• [Work item]: The entries are to be returned exactly, with images left out.

::: Information shown

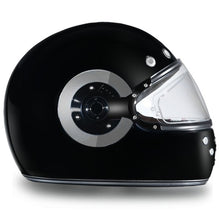 KINGS GLOSS BLACK & CHROME DAYTONA RETRO MOTORCYCLE HELMET - R1A
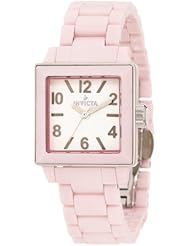 Invicta Womens 1176 Ceramic White Dial Pink Matte Ceramic Watch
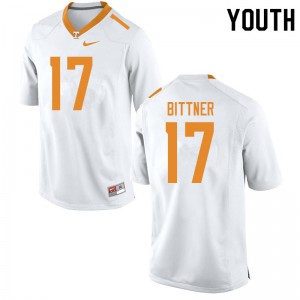 Youth Tennessee Volunteers Michael Bittner #17 University White Jerseys 635077-697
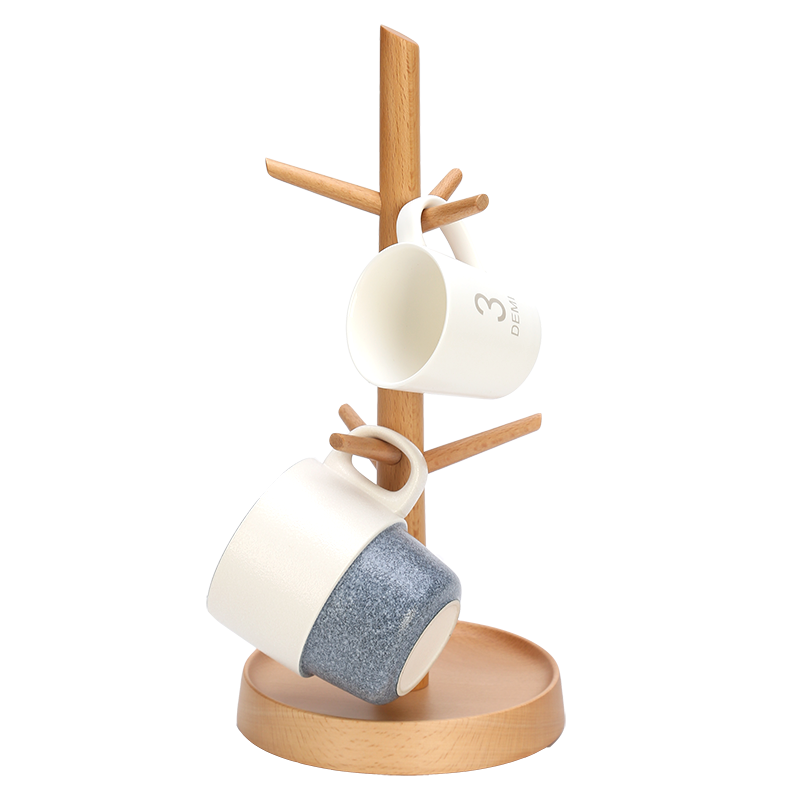 初心胡桃木杯架咖啡杯茶杯架子水杯架瀝水杯子架收納架玻璃杯置物架 杯架-胡桃木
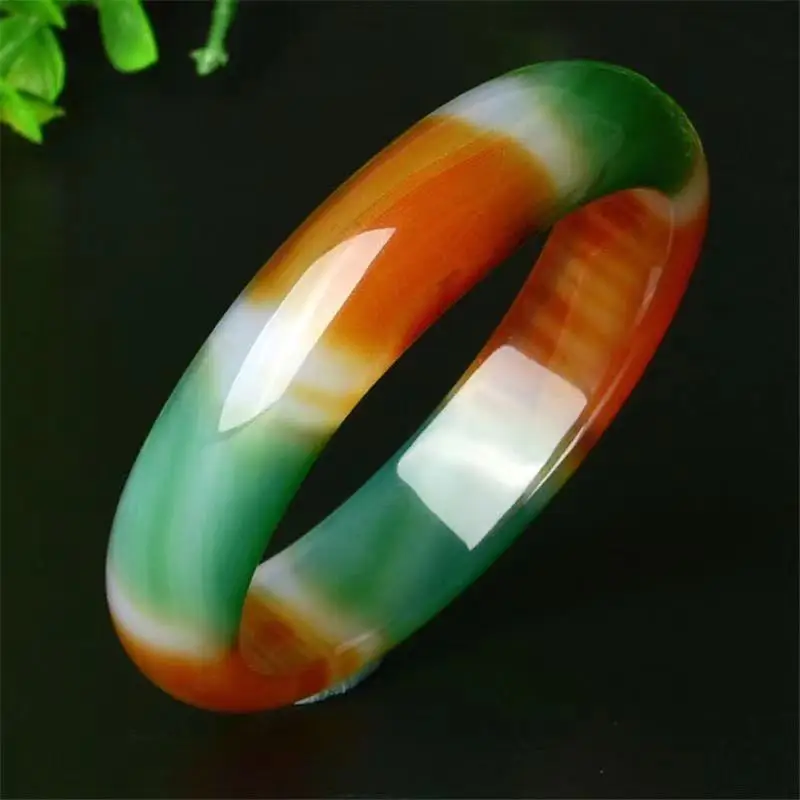 Natural Real Jade Colorato Agata Bangle Flat Bar Jade Bangle Tricolore Giadeite Per Bracciali Regalo Temperamento Donna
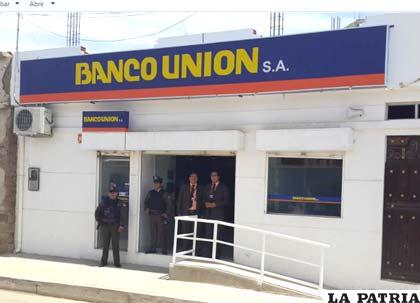 Instalaciones del Banco Unión en la zona Sur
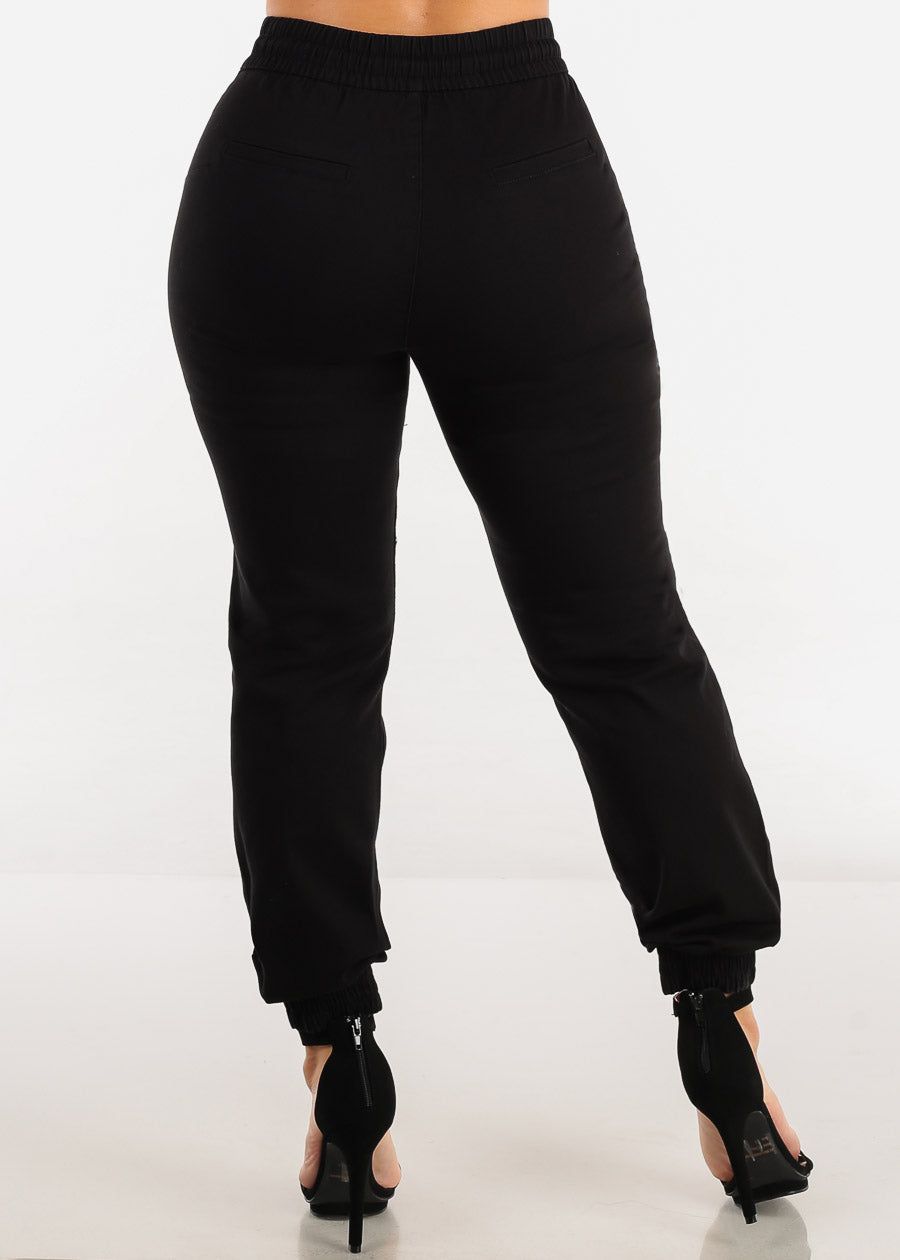 Black Drawstring Waist Twill Jogger Pants sold by Moda product image thumbnail 4
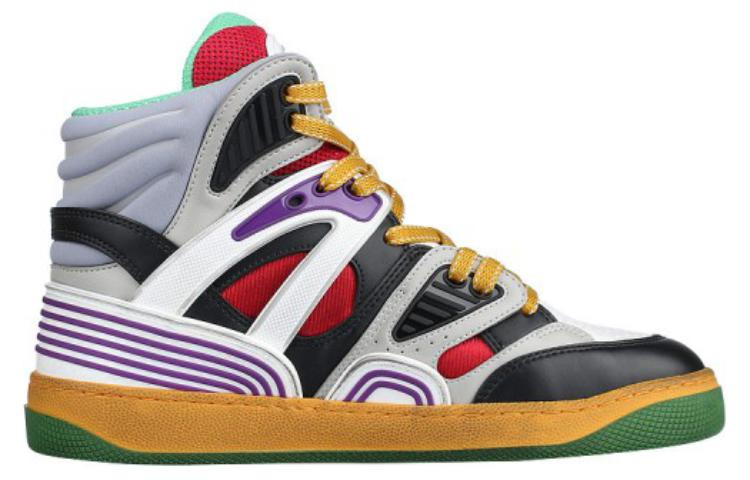 (WMNS) Gucci Basket High 'Black White Purple' 661312-2SH90-1072 - 2
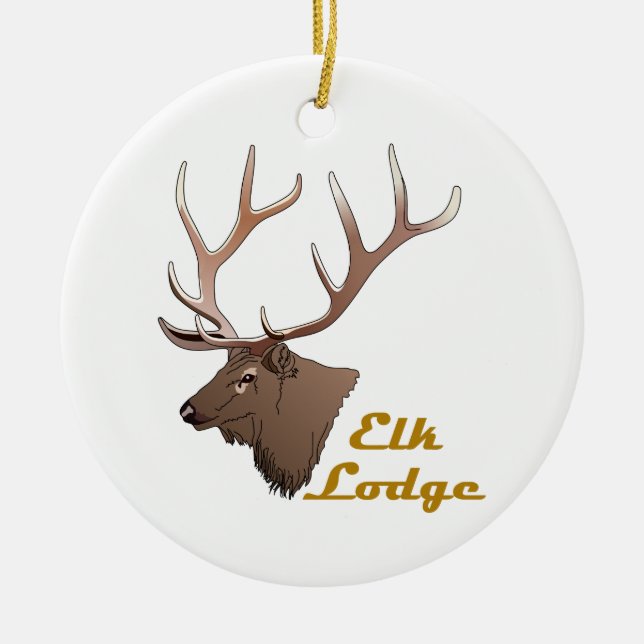 Elk Lodge Ceramic Tree Decoration (Front)
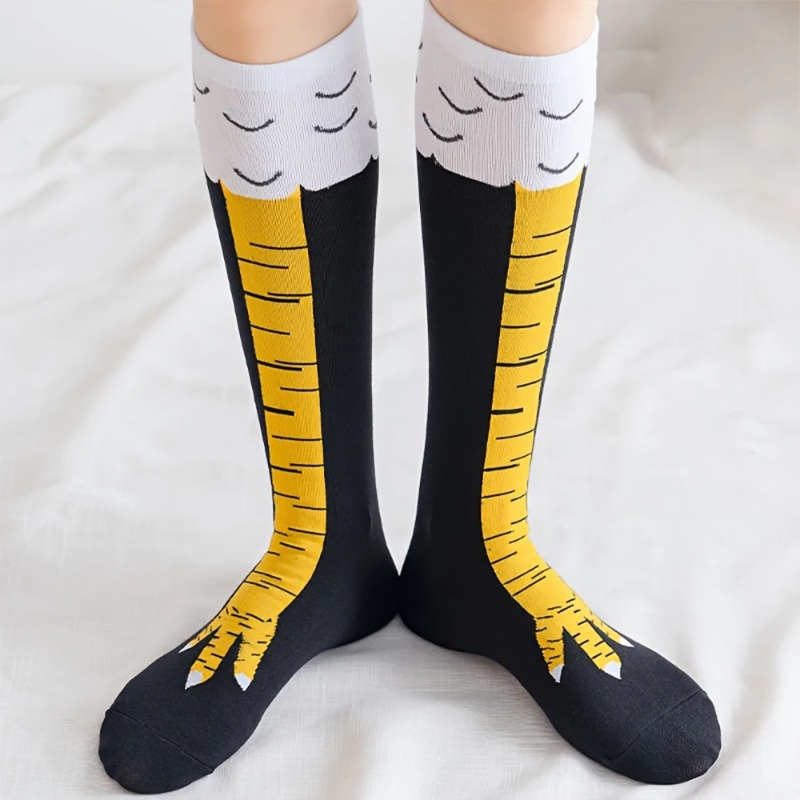 ถุงเท้ายาวถึงเข่าผู้หญิง 1/2/5 - Funny Chicken Leg Socks บทวิจารณ์และราคา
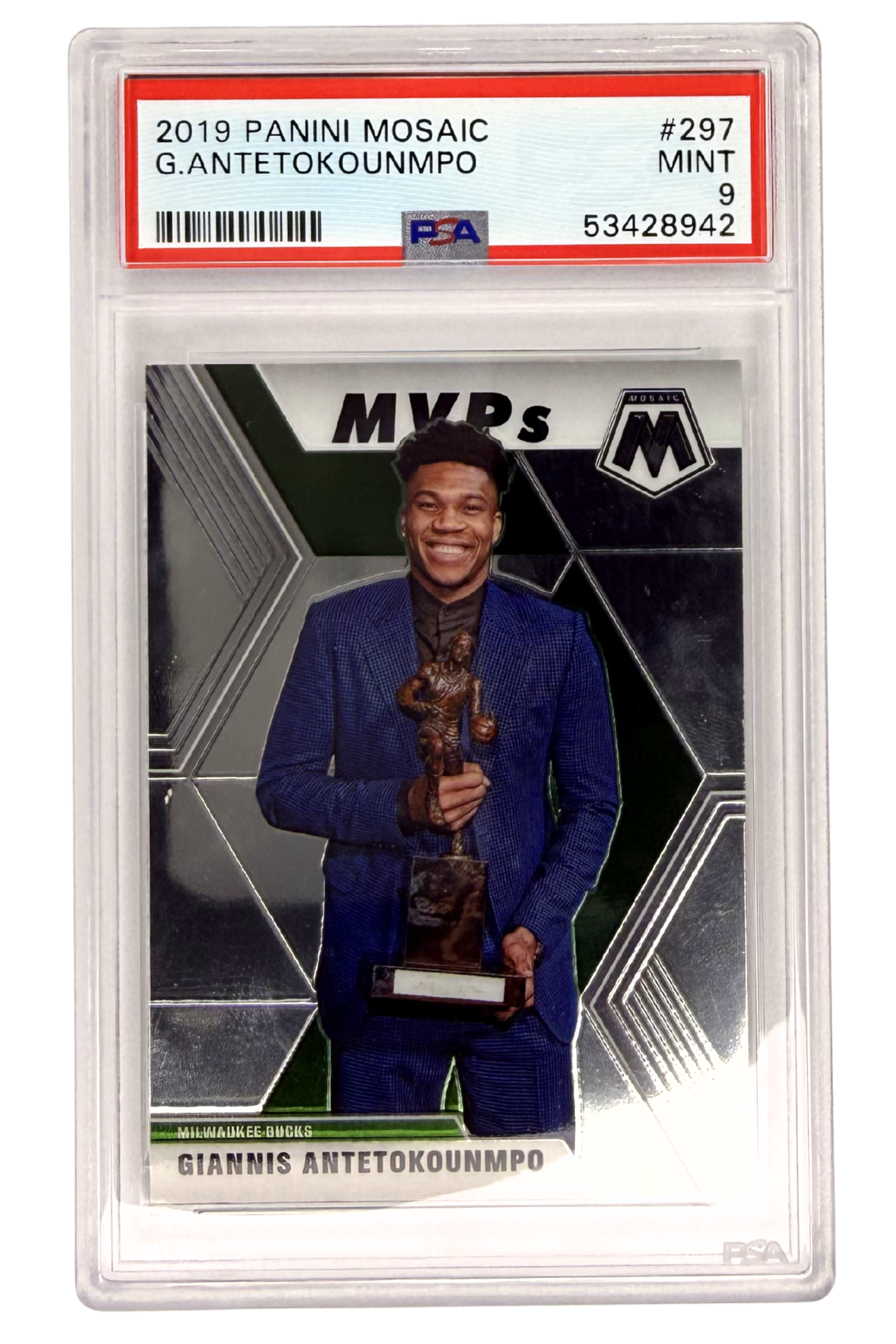 GRADED 9.0 Giannis Antetokounmpo - 2019 Panini Mosaic #297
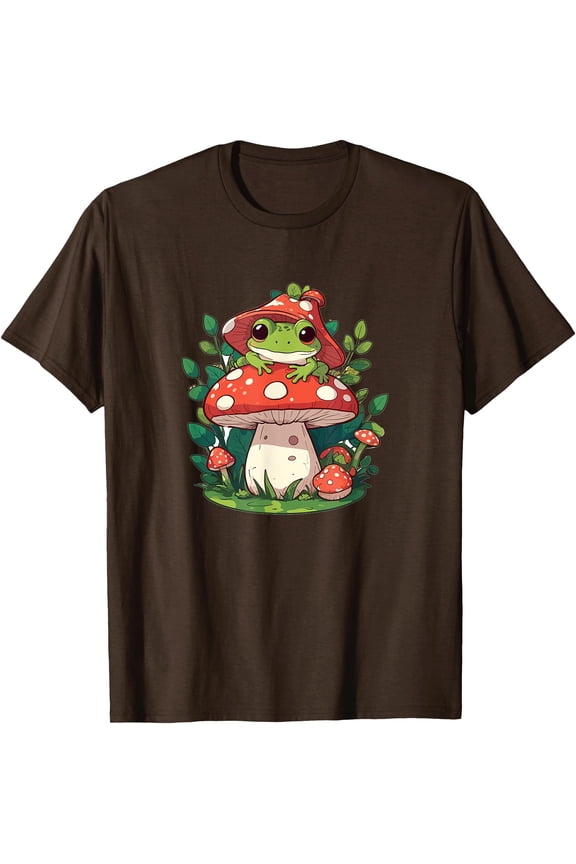 Cute Frog on Mushroom Cartoon Aesthetic Art Unisex T-Shirt for Men Women Kids Toddler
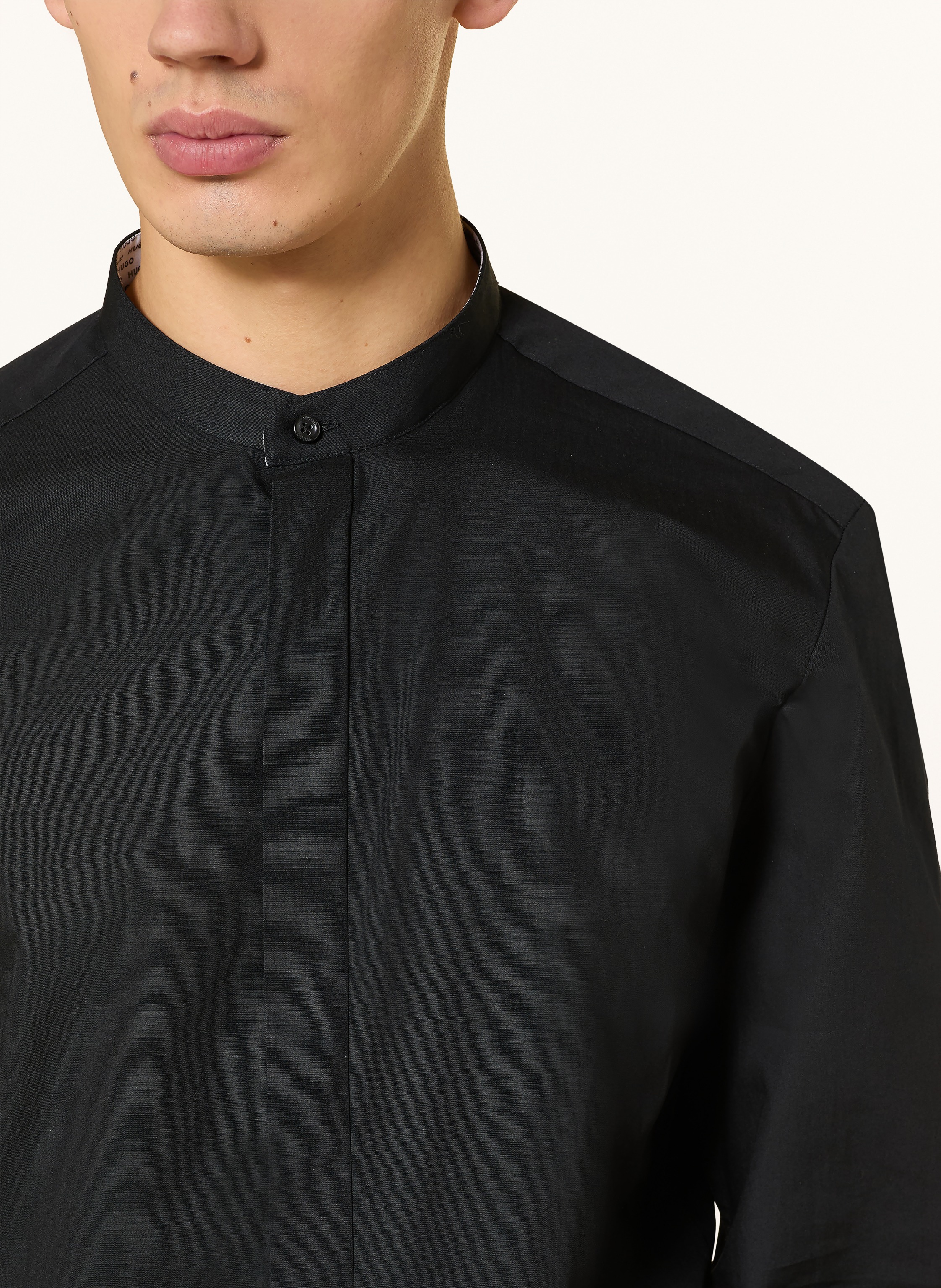 Thumbnail - Hugo Hemd Kaleb Slim Fit Mit Stehkragen schwarz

::::::

• [Exercise solution]:
 KINGS GLOSS BLACK & CHROME DAYTONA RETRO MOTORCYCLE HELMET - R1A
 Invicta Womens 1176 Ceramic White Dial Pink Matte Ceramic Watch
 Youth Tennessee Volunteers Michael Bittner #17 University White Jerseys 635077-697
 初心胡桃木杯架咖啡杯茶杯架子水杯架瀝水杯子架收納架玻璃杯置物架 杯架-胡桃木
 Natural Real Jade Colorato Agata Bangle Flat Bar Jade Bangle Tricolore Giadeite Per Bracciali Regalo Temperamento Donna
 Instalaciones del Banco Unión en la zona Sur
 Black Drawstring Waist Twill Jogger Pants sold by Moda product image thumbnail 4
 (WMNS) Gucci Basket High 'Black White Purple' 661312-2SH90-1072 - 2
 Elk Lodge Ceramic Tree Decoration (Front)
 ถุงเท้ายาวถึงเข่าผู้หญิง 1/2/5 - Funny Chicken Leg Socks บทวิจารณ์และราคา
 GRADED 9.0 Giannis Antetokounmpo - 2019 Panini Mosaic #297
 Cute Frog on Mushroom Cartoon Aesthetic Art Unisex T-Shirt for Men Women Kids Toddler
 Thumbnail - Hugo Hemd Kaleb Slim Fit Mit Stehkragen schwarz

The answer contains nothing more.